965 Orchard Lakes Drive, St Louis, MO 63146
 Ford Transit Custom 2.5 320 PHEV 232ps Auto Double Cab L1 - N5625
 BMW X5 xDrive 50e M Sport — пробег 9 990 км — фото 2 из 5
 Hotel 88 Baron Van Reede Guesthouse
==================================================
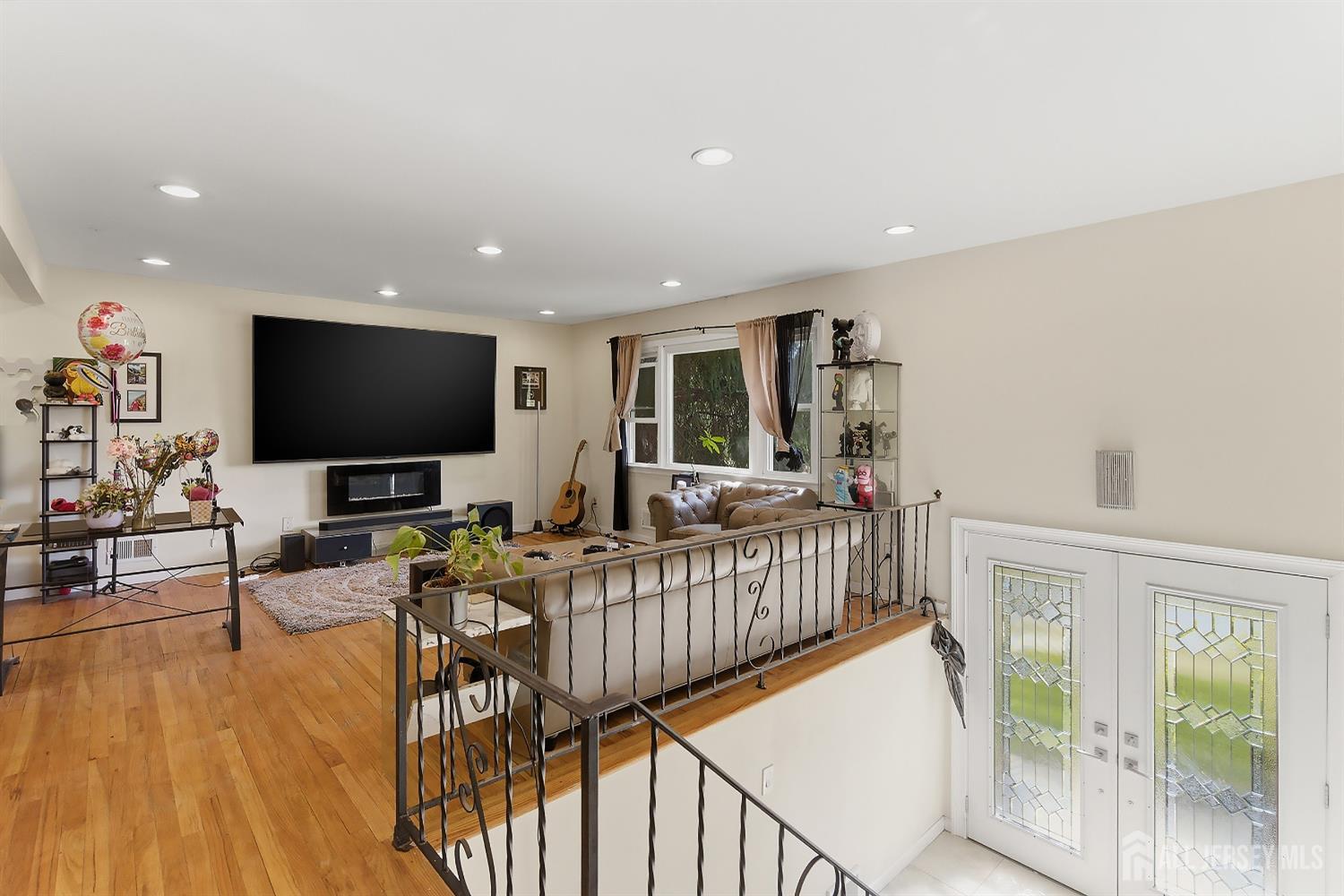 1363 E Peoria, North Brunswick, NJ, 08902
==================================================
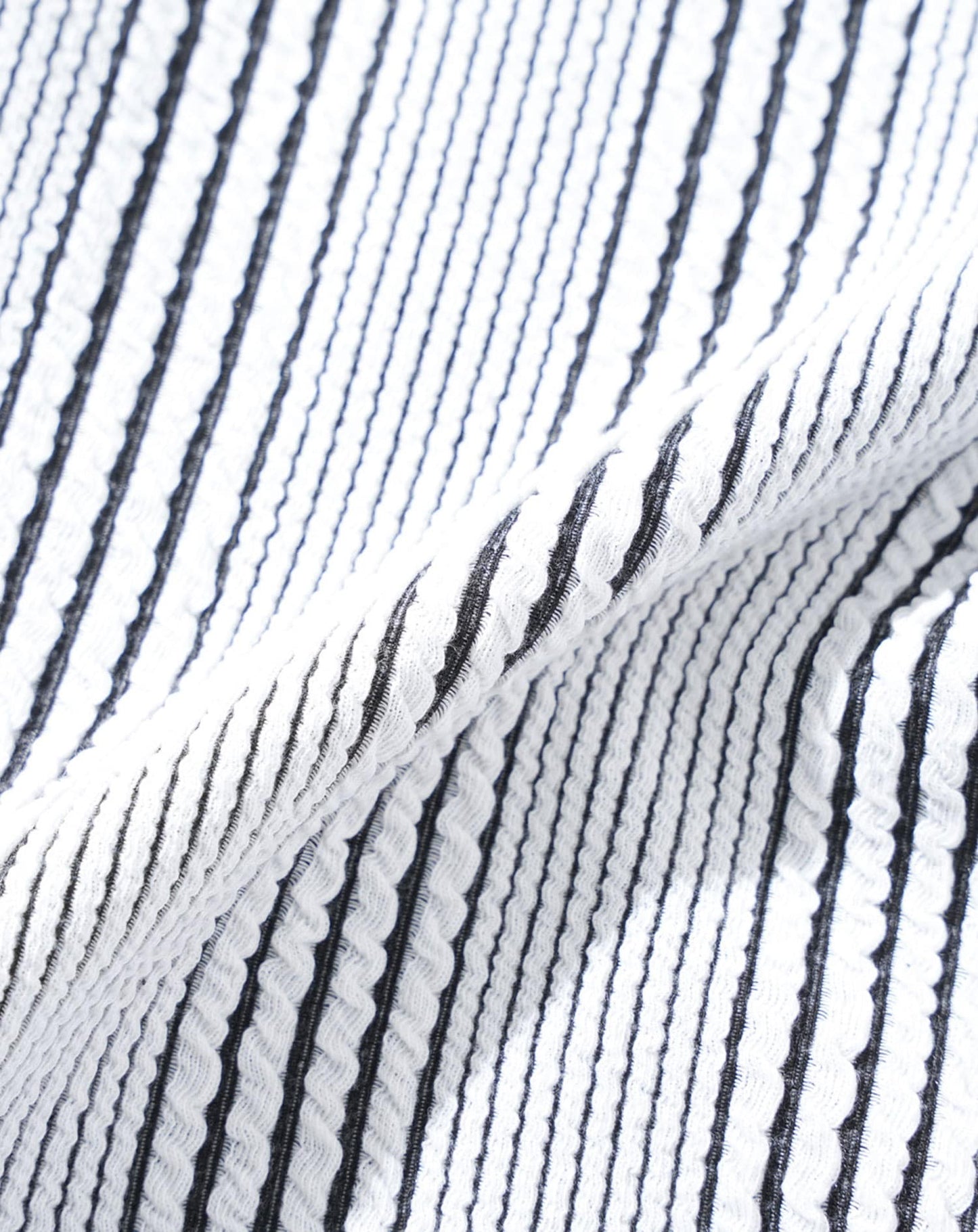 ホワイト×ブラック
==================================================
TASK ITEM: Would you quote everything above from the line containing "Ford Transit Custom" down to the line containing "Hotel 88 Baron Van Reede Guesthouse"? Include both of those lines and nothing else.

RESULT:
 Ford Transit Custom 2.5 320 PHEV 232ps Auto Double Cab L1 - N5625
 BMW X5 xDrive 50e M Sport — пробег 9 990 км — фото 2 из 5
 Hotel 88 Baron Van Reede Guesthouse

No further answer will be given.